## [Your goal]
The listing below holds a line with "Cinza Usado 2020" and a later line with "Wellingborough Skate Park". Write out those two lines and every line between them, exactly, and nothing else.

## [Exercise inputs]
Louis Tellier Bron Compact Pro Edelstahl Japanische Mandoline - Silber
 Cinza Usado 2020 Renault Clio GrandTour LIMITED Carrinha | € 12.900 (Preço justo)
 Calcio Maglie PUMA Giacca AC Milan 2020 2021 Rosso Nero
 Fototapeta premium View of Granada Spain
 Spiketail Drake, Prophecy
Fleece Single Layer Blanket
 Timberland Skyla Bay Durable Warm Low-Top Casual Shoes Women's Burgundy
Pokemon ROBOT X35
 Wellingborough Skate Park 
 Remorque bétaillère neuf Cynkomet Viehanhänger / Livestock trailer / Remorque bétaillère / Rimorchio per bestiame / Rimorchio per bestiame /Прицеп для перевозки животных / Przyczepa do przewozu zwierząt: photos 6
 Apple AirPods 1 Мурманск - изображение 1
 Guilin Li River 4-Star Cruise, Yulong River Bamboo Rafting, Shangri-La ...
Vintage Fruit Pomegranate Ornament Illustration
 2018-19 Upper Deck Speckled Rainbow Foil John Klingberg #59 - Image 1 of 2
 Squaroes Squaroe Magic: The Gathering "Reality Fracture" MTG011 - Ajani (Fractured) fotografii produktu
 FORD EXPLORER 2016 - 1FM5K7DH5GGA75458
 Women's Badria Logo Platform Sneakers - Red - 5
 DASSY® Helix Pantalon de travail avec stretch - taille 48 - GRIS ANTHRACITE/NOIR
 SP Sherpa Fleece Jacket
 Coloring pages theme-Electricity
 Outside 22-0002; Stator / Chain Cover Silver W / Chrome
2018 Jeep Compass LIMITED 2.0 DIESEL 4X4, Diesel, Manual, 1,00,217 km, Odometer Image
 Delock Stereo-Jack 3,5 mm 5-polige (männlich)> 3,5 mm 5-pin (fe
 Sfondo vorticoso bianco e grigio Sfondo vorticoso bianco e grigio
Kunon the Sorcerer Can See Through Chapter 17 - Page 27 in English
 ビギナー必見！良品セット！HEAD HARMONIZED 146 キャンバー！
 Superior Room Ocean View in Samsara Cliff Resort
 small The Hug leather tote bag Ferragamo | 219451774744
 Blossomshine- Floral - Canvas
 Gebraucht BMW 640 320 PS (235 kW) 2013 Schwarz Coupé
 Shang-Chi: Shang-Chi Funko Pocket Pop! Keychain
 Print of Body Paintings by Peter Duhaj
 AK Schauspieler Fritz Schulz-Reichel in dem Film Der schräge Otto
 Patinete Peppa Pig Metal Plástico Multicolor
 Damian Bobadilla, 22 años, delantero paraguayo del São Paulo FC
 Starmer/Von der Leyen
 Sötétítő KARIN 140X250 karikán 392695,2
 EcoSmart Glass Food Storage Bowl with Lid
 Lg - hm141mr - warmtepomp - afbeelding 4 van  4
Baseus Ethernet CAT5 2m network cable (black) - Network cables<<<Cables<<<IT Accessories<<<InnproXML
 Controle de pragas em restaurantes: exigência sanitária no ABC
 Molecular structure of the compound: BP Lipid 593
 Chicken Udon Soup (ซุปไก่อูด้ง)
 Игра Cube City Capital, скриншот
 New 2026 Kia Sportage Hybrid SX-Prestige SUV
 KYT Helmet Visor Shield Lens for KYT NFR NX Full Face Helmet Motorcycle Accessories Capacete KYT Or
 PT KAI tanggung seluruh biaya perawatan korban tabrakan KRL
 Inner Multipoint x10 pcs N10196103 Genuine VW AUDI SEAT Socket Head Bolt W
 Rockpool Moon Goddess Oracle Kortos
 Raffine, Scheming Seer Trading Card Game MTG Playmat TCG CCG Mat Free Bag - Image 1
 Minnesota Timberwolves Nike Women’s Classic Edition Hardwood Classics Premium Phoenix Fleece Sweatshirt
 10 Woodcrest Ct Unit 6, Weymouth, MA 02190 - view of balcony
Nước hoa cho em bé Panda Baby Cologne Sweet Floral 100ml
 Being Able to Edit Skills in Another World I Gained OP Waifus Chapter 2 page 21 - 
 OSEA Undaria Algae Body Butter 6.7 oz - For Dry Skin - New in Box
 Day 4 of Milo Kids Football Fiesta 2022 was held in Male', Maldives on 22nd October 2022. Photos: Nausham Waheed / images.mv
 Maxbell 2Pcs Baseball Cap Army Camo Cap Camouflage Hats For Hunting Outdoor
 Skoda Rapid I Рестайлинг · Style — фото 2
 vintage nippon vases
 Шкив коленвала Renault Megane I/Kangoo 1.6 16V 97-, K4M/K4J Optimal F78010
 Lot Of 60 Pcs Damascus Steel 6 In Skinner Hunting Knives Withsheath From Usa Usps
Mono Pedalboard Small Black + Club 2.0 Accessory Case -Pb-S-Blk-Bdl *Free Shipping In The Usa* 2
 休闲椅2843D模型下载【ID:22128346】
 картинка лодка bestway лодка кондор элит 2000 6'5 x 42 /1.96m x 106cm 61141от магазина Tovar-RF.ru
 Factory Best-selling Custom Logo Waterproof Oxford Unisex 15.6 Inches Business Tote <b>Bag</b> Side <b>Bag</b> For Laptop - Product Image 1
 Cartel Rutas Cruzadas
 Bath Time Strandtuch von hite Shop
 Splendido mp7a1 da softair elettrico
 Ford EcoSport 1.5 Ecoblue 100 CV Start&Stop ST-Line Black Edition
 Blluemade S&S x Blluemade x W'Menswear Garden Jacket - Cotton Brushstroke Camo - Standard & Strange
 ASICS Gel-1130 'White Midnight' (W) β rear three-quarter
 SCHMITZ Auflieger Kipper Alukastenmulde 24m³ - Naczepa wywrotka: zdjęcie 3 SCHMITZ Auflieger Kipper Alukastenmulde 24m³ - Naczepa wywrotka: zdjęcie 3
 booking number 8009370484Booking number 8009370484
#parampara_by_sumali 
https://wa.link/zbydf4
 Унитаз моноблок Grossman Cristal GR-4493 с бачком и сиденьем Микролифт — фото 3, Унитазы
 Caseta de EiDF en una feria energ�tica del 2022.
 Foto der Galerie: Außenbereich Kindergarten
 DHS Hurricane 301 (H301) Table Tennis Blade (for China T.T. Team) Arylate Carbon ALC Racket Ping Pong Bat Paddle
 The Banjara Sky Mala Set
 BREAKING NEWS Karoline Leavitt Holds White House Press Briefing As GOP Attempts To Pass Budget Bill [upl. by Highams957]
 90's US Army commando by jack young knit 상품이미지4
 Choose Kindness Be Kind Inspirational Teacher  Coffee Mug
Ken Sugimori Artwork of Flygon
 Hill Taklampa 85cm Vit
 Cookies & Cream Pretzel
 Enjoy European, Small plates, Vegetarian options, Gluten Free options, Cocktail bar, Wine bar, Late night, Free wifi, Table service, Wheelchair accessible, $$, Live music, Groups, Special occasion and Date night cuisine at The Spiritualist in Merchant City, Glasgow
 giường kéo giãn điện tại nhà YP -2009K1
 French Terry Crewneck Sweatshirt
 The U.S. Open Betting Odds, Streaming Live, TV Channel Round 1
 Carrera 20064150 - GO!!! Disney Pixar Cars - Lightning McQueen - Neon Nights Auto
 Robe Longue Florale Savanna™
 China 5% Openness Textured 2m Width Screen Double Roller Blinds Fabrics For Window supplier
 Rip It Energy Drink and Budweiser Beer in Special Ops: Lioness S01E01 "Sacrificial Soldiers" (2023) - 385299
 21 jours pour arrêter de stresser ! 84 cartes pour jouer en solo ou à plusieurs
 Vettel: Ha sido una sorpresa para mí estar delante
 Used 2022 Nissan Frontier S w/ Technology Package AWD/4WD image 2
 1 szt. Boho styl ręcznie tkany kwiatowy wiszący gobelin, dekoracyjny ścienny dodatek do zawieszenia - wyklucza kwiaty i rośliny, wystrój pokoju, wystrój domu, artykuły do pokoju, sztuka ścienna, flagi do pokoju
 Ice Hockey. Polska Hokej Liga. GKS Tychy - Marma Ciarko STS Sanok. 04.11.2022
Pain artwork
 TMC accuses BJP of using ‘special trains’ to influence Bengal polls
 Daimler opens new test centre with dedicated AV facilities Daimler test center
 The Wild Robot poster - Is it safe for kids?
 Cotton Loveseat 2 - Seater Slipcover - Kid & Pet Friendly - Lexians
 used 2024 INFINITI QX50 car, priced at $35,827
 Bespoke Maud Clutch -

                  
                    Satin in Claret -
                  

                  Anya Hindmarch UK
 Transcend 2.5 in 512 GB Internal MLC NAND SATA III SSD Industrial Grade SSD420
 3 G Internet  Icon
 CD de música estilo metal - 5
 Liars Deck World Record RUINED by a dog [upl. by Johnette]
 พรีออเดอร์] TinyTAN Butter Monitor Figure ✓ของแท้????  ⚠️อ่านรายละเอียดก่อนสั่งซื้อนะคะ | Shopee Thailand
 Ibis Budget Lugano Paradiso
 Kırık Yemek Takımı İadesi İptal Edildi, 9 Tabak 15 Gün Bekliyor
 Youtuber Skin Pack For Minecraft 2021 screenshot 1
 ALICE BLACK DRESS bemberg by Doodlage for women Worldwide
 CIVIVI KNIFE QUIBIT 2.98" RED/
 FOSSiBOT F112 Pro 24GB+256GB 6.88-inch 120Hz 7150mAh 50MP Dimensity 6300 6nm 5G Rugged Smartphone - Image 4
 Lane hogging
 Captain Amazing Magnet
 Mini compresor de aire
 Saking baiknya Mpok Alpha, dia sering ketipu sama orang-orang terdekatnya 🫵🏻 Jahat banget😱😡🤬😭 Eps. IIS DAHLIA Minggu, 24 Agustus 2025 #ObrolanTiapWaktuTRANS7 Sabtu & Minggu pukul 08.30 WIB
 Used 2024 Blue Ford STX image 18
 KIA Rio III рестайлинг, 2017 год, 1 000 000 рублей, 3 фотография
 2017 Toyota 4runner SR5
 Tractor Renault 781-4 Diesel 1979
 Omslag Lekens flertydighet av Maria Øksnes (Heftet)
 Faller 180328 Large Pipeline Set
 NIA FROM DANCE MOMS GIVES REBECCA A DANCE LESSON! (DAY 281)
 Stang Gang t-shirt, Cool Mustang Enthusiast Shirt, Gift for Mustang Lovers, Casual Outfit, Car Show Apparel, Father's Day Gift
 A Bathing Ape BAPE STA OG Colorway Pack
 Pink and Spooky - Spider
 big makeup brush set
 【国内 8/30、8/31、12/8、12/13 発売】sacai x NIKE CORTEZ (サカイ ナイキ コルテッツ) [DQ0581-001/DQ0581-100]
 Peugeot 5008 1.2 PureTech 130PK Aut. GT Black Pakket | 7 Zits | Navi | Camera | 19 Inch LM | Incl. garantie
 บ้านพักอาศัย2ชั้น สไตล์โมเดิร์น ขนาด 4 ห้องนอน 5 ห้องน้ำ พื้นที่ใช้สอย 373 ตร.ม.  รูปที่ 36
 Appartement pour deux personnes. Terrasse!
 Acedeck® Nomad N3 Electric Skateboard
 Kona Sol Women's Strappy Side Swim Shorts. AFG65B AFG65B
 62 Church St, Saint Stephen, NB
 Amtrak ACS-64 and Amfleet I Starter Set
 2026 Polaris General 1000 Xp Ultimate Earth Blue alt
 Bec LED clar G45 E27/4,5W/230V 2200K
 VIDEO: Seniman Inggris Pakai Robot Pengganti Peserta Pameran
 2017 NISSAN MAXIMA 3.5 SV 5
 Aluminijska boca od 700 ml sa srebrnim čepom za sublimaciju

## [Answer space]
 Cinza Usado 2020 Renault Clio GrandTour LIMITED Carrinha | € 12.900 (Preço justo)
 Calcio Maglie PUMA Giacca AC Milan 2020 2021 Rosso Nero
 Fototapeta premium View of Granada Spain
 Spiketail Drake, Prophecy
Fleece Single Layer Blanket
 Timberland Skyla Bay Durable Warm Low-Top Casual Shoes Women's Burgundy
Pokemon ROBOT X35
 Wellingborough Skate Park 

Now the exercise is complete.